• [Problem]
Please repeat, exactly and without pictures, the lines of the entries below that run from the one containing "Arizona Wildcats NCAA" through the one containing "Load the image".

Source data START

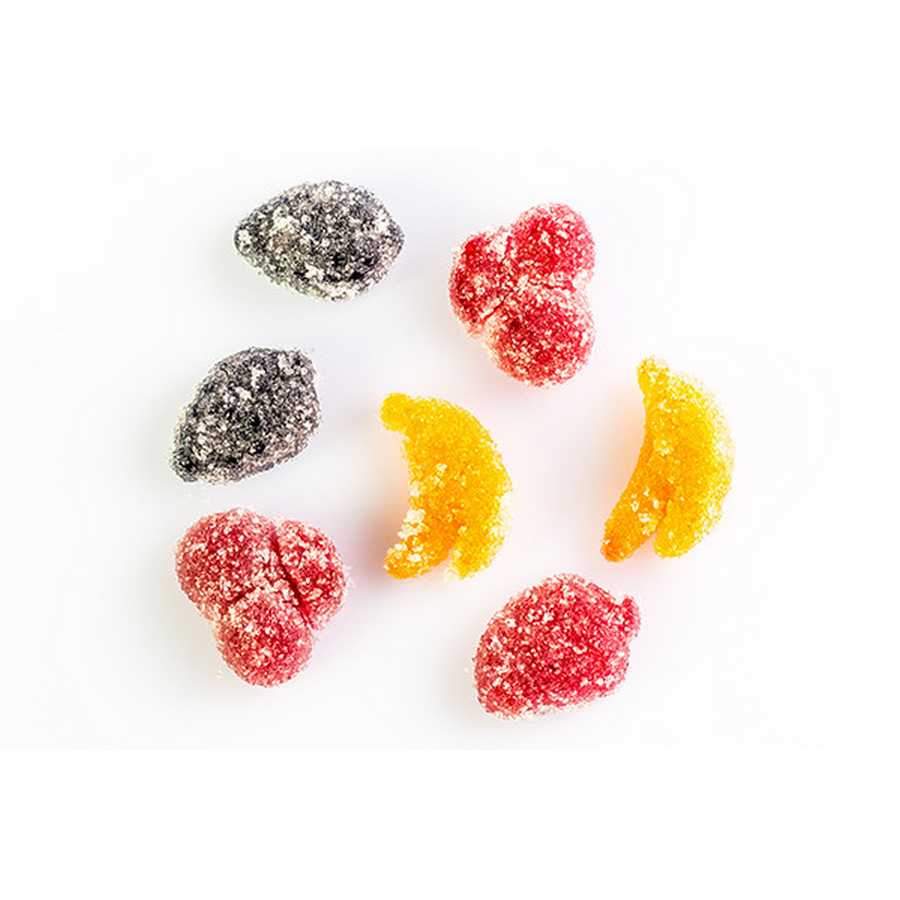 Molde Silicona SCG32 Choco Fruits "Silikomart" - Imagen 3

Source data END
Source data START

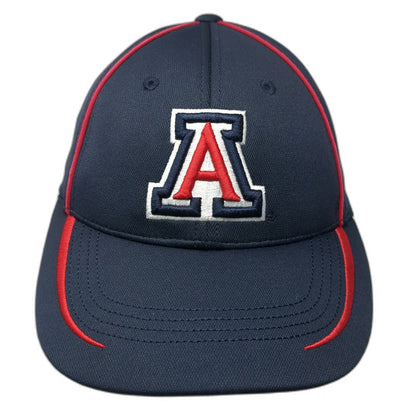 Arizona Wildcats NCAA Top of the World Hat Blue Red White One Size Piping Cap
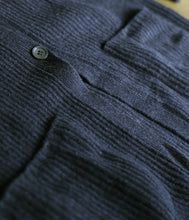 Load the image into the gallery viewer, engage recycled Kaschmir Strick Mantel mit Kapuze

Source data END

• [Final answer]
 Arizona Wildcats NCAA Top of the World Hat Blue Red White One Size Piping Cap
 Load the image into the gallery viewer, engage recycled Kaschmir Strick Mantel mit Kapuze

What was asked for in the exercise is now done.